Hello & welcome to the forum.

I can't help but my consultant says hba1c of 7 to start a family (I need a man first) & it has to stay that for 6 month + before I'd get the green light. (I'm usually under 7 but I suppose the stress of perfect bloods won't help)

I hope your next app goes well.

It's so annoying you can't just do it as nature intends


----------



## Cleo (Mar 27, 2013)

Thanks Laura....yes it can be frustrating when you cant just get on with it!, but I'll just keep it at and hopefully that will be reflected in my HbA1C.....


----------



## trophywench (Mar 27, 2013)

Hiya!

Have they prescribed the high-dose folic acid?


----------



## rachelha (Mar 28, 2013)

Hi Cleo, 6.5 sounds like a very strict level to reach before being given the go ahead.  Imthink it is normally under 7.  I was given the go ahead at 7.4 with my first pregnancy as I had a lot of problems with hypos.  
Waiting to be given the go ahead to start trying is so frustrating, it drove me mad.  Try not to worry about your age, i know easier said than done.  I had my first child at 36 and am now pregnant with the second at almost 39!  
There is a brilliant facebook group for diabetics mums to be called The Sugar Mummy  It is a closed group sonyou can post whatever you like without needing to worry about friends/OH reading it.


----------



## Cleo (Mar 28, 2013)

Hi !
No they havent prescribed the folic acid yet - I have asked about it but (although no one has given me a direct / "unambiguous" answer) I think their policy is to give the green light and the folic acid at the same time.  I did ask a DSN about it and she said that because of the way its absorbed in the body it doesnt make a difference if I am on it for 2 weeks before I fall pregnant or if Im on it for 6 months before I fall pregnant.....however, to me that doesnt make sense as they say that you should be on it for 3 months before trying!
Any thoughts?


----------



## Cleo (Mar 28, 2013)

Hi Rachelha
Thanks for your feedback.
Yes it can be frustrating, but like you said I shouldn't focus on my age.  One of the consultants I saw in March said that I should have been given the go ahead when I was 6.8 because 6.5 is too low and the likelihood of running into hypos is alot greater.  
Anyway, my next appointment is in May so I'm just trying to do my best on a daily basis and not get into any negative head space.
Well done you for having gone through one pregnancy and for going through another one now!.  Its a fantastic achievement, you should be proud of yourself !!!

C.


----------



## Vix (Mar 28, 2013)

Hi Cleo, 

I'm in exactly the same boat... My hba1c was 9.1 (!!) in November but was 7.6 about a month ago so going in the right direction... my sugars have a mind of their own at the moment which isn't good at the best of times but with that added pressure of pre-conception it is like torture... I'm doing everything asked of me, my fingers are like pin cushions and I'm getting really emotional about it, especially when it my sugars shoot up for no apparent reason... and to top it off my hormones aren't helping - been running high just before my period and continuing to do so on top of the struggles at that time of the month when it's normally lower - can't work it out! 
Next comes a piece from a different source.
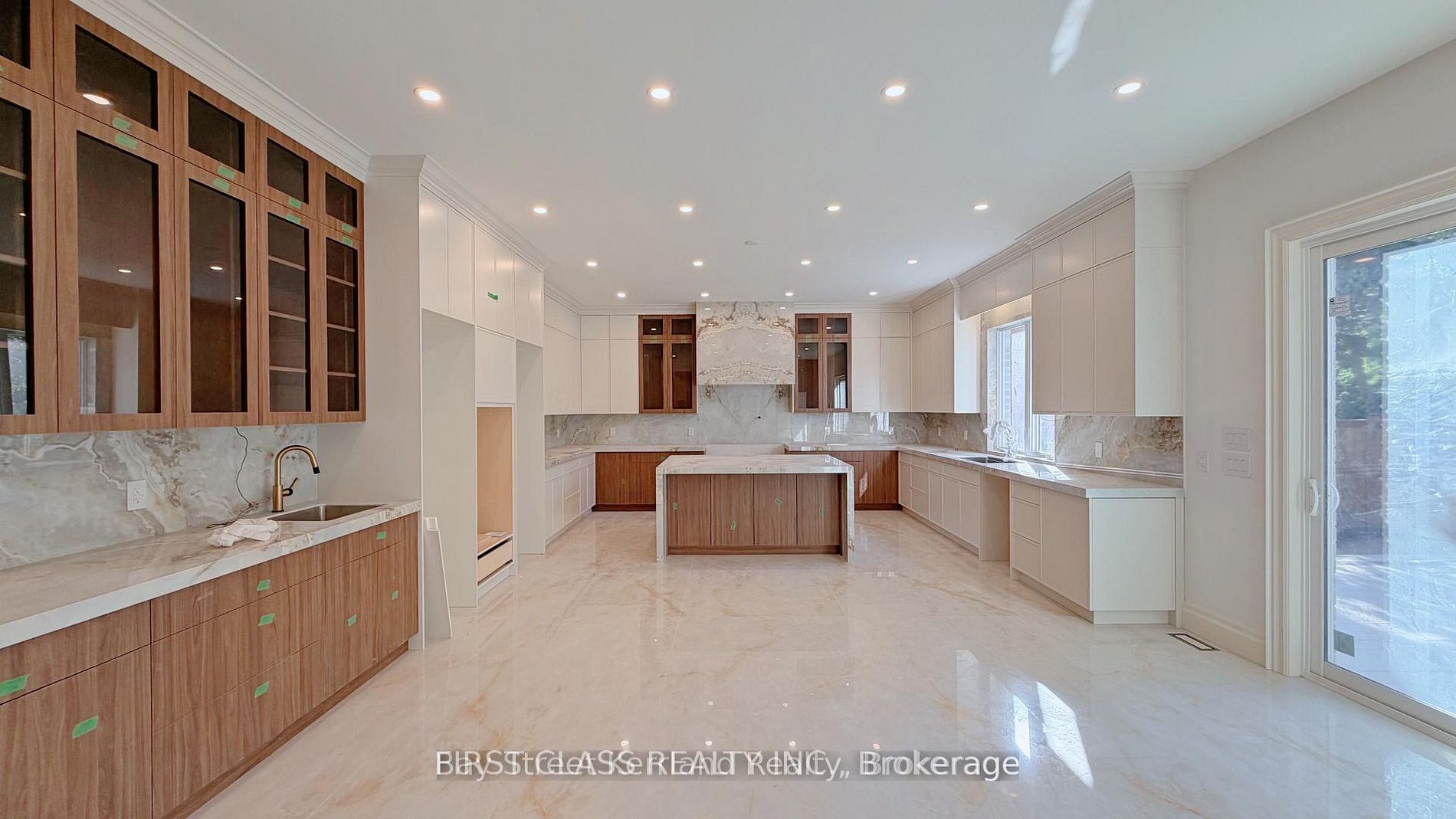 80 Highglen Avenue, Markham, ON L3R 8P9 photo 5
I've been put on high dose folic acid and my DSN said I have to take it 3 month before even considering coming off the pill if/when we get the green light... I'm aiming for a hba1c below 7... If it was 6.8 I would be absolutely ecstatic!! It does seem strange that each DSN seems to have a different opinion, as my previous one said it doesn't matter how long you take folic acid and to aim for a hba1c of below 7.4... 

Good luck with your control, hope you get there really soon  

xx


----------



## Cleo (Mar 29, 2013)

Hi Vix,
Thanks for your reply - its so nice/ comforting / reassuring when you hear from other people in the same situation.  Funny that we dont know each other but can relate to each others situations.  Well done YOU for getting yourself down from 9.1 to 7.6 in a very short period of time!.  Thats really amazing.  You are obviously doing the right thing so just keep at it!.  I havent really experienced the hormonal fluctuations that you talk about....the only thing for me is that I tend to have a chocolate craving before my period (dont we all?!) so I usually just have some and then take some extra insulin for that, so it all evens out in the end.  
All I can say is keep up your good work and dont get upset with yourself.    I think stress affects everyone differently but I know my sugars go high when when I stress so maybe its the same for you ?.  If thats the case I guess it can be like a vicious cycle......I always think of my diabetes as a little child : if I look after it and nurture it and "control" it , it behaves.  If I  neglect it and let it control me then the BGs are always all over the place.  
I really hope you get the green light soon - am sure you will 
C xx


----------



## Vix (Apr 2, 2013)

Hi Cleo,

Yes, it's definitely good to know you're not the only one going through this... and as depressing as it was at my ante-natal appointment this morning being surrounded by heavily pregnant women knowing we haven't got the green light yet it was also re-assuring knowing that they all had diabetes and were at that stage! 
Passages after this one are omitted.